Texas ruling in abortion pill case: What is mifepristone?

A federal judge in Texas on Friday ordered the FDA to temporarily halt approval of the drug mifepristone for abortion.

The ruling, which is not expected to take effect immediately, came in a lawsuit by an anti-abortion group claiming the FDA approved the drug 23 years ago without adequate evidence of safety.

The ruling comes as other legal disputes about the abortion medication are happening across the country. In January, for example, abortion rights supporters filed separate lawsuits challenging abortion pill restrictions imposed in North Carolina and West Virginia. In Georgia, lawmakers have so far failed to win legislation that would ban the medication from being sent through the mail.

Legal experts foresee years of court battles over access to the pills.

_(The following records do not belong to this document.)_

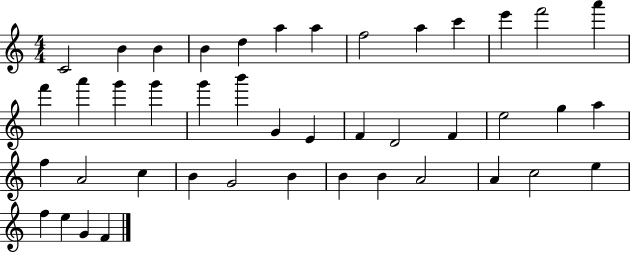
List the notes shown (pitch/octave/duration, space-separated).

C4/h B4/q B4/q B4/q D5/q A5/q A5/q F5/h A5/q C6/q E6/q F6/h A6/q F6/q A6/q G6/q G6/q G6/q B6/q G4/q E4/q F4/q D4/h F4/q E5/h G5/q A5/q F5/q A4/h C5/q B4/q G4/h B4/q B4/q B4/q A4/h A4/q C5/h E5/q F5/q E5/q G4/q F4/q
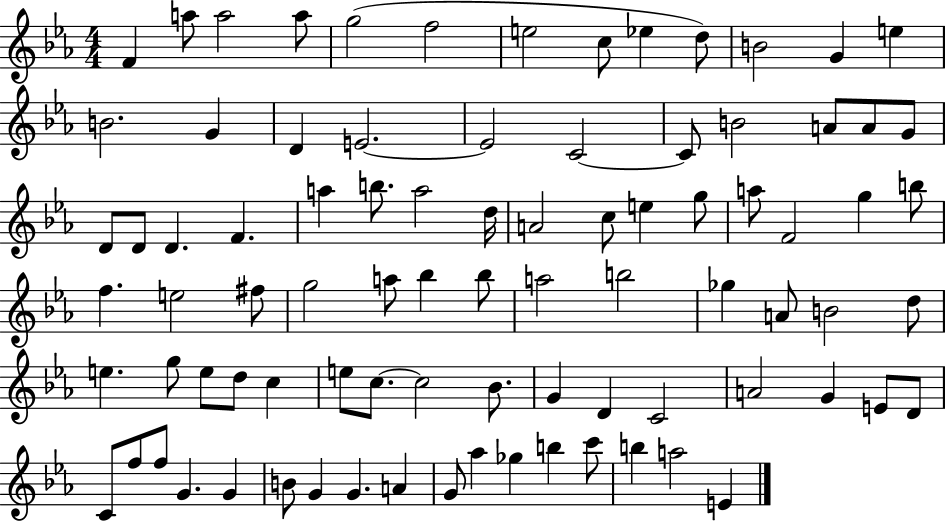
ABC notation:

X:1
T:Untitled
M:4/4
L:1/4
K:Eb
F a/2 a2 a/2 g2 f2 e2 c/2 _e d/2 B2 G e B2 G D E2 E2 C2 C/2 B2 A/2 A/2 G/2 D/2 D/2 D F a b/2 a2 d/4 A2 c/2 e g/2 a/2 F2 g b/2 f e2 ^f/2 g2 a/2 _b _b/2 a2 b2 _g A/2 B2 d/2 e g/2 e/2 d/2 c e/2 c/2 c2 _B/2 G D C2 A2 G E/2 D/2 C/2 f/2 f/2 G G B/2 G G A G/2 _a _g b c'/2 b a2 E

Here’s a closer look at the issue.

What is mifepristone?

The U.S. Food and Drug Administration approved mifepristone in 2000 to end pregnancy, when used in combination with a second drug, misoprostol. The combination is approved for use up to the 10th week of pregnancy.

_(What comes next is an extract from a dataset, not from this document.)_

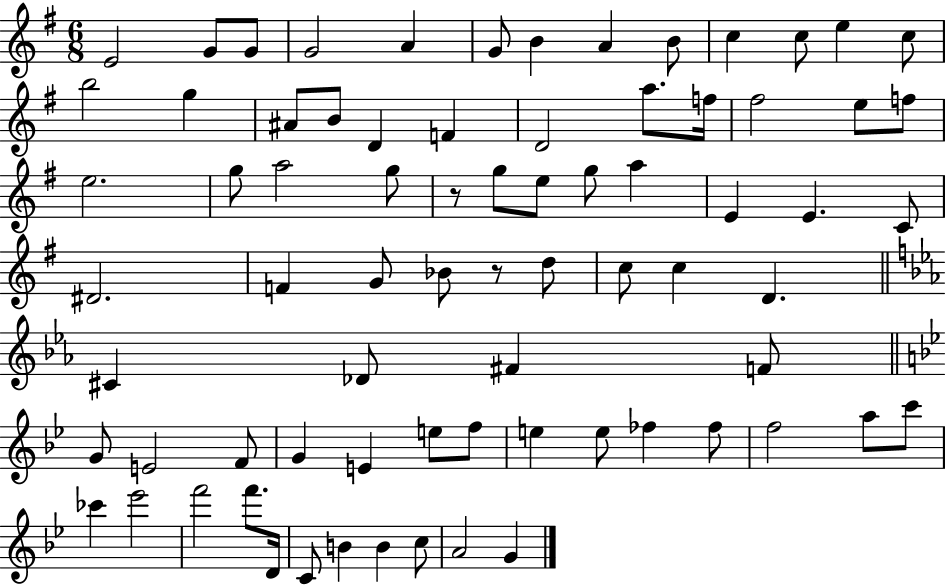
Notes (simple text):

E4/h G4/e G4/e G4/h A4/q G4/e B4/q A4/q B4/e C5/q C5/e E5/q C5/e B5/h G5/q A#4/e B4/e D4/q F4/q D4/h A5/e. F5/s F#5/h E5/e F5/e E5/h. G5/e A5/h G5/e R/e G5/e E5/e G5/e A5/q E4/q E4/q. C4/e D#4/h. F4/q G4/e Bb4/e R/e D5/e C5/e C5/q D4/q. C#4/q Db4/e F#4/q F4/e G4/e E4/h F4/e G4/q E4/q E5/e F5/e E5/q E5/e FES5/q FES5/e F5/h A5/e C6/e CES6/q Eb6/h F6/h F6/e. D4/s C4/e B4/q B4/q C5/e A4/h G4/q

Mifepristone is taken first to dilate the cervix and block a hormone needed to sustain a pregnancy. Misoprostol is taken a day or two later, causing contractions to empty the uterus.

More than half of U.S. abortions are now done with pills rather than with a procedure, according to the Guttmacher Institute, a research group that supports abortion rights. In rare cases, the drug combination can cause excess bleeding, requiring emergency care.